* _Task statement_:
Once the line containing "646872794_1746238040075755_8329514549465720697_n" is found in the records below, return it and each following line exactly, up to and including the line containing "Tract 10 Hall Creek Property Photo 14", and nothing else.

* _Data for review_:

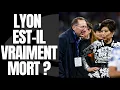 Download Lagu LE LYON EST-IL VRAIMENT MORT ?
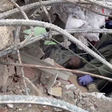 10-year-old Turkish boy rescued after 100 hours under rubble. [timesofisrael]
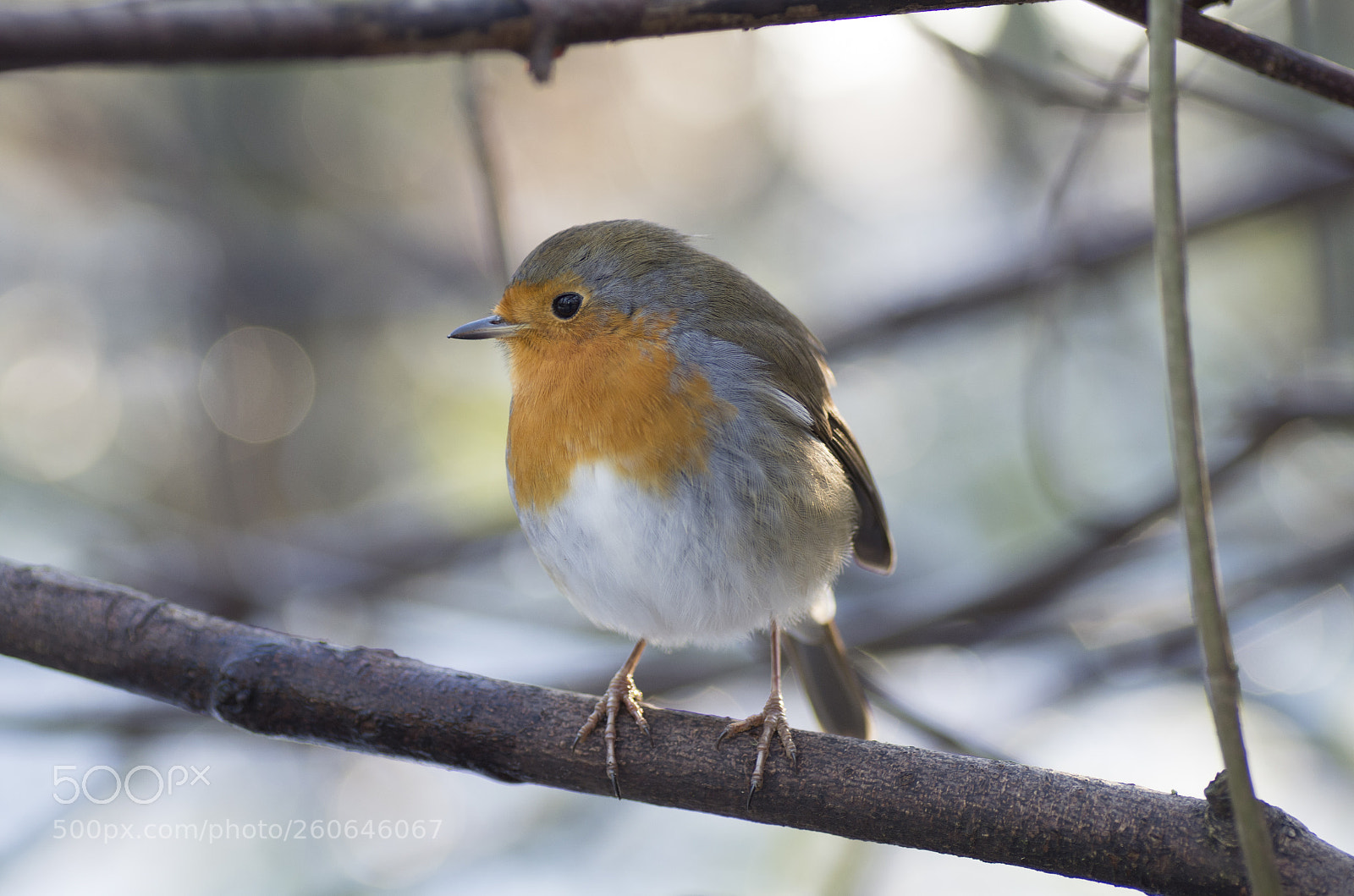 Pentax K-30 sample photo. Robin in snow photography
==
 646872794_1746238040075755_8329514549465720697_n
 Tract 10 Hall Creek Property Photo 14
* * *
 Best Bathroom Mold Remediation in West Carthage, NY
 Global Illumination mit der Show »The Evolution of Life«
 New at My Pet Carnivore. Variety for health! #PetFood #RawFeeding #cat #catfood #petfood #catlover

* _Answer_:
 646872794_1746238040075755_8329514549465720697_n
 Tract 10 Hall Creek Property Photo 14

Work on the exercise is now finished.